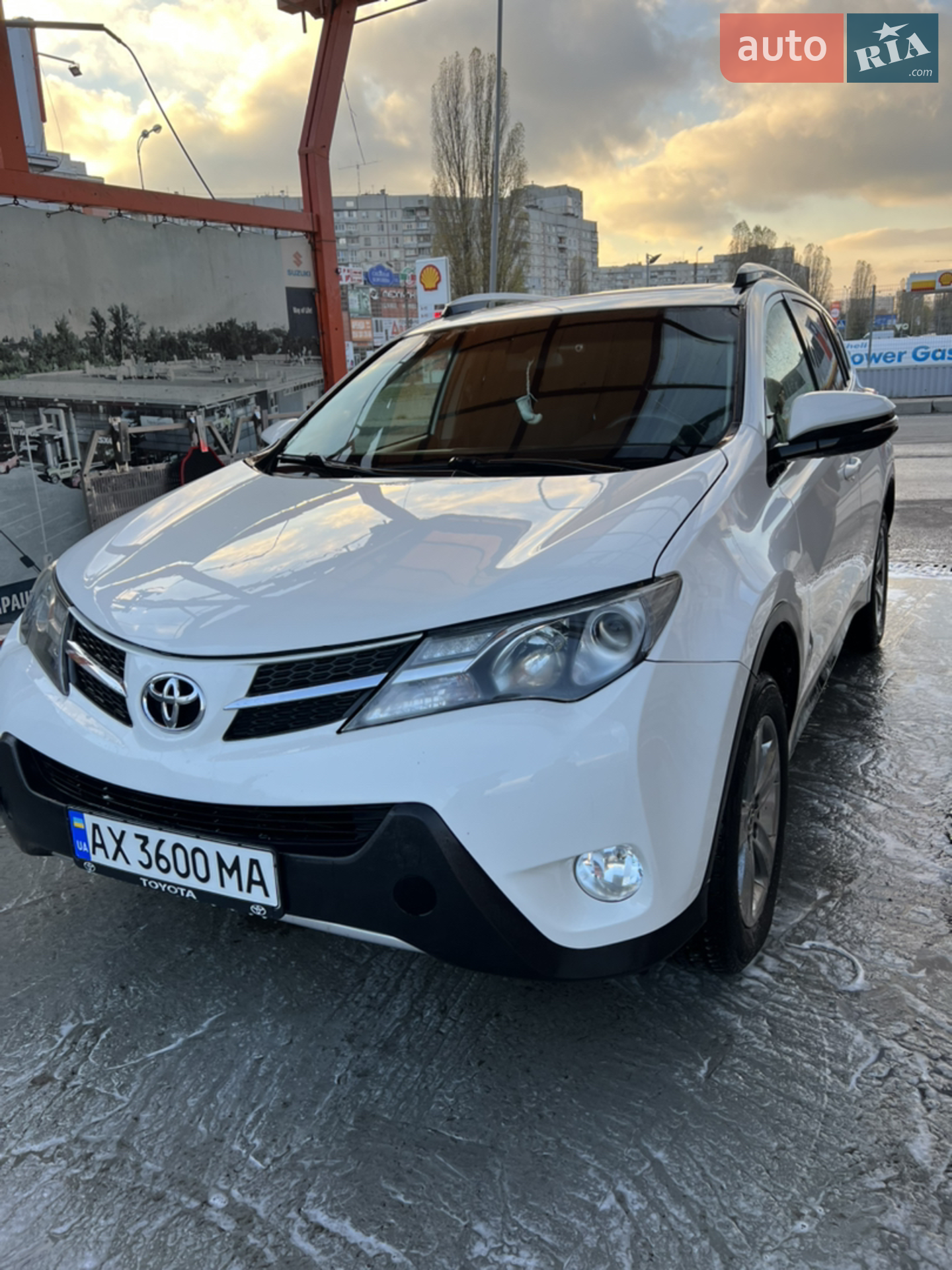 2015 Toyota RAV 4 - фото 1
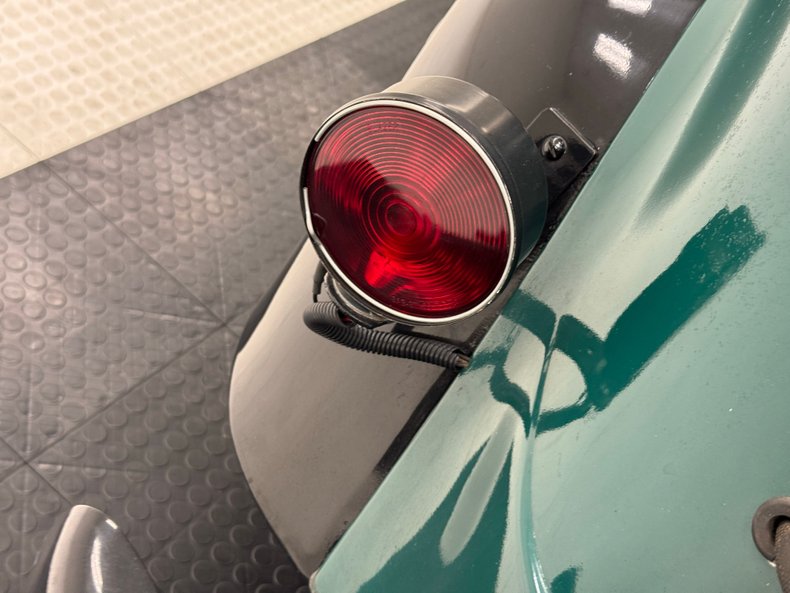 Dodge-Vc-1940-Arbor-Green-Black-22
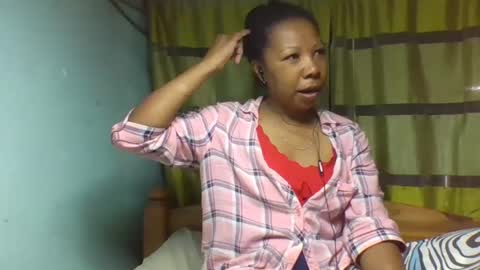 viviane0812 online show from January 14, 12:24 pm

### Goal of the exercise:
From start to finish, output the listing exactly, but omit its pictures.

### Response below:
 2015 Toyota RAV 4 - фото 1
 Dodge-Vc-1940-Arbor-Green-Black-22
 viviane0812 online show from January 14, 12:24 pm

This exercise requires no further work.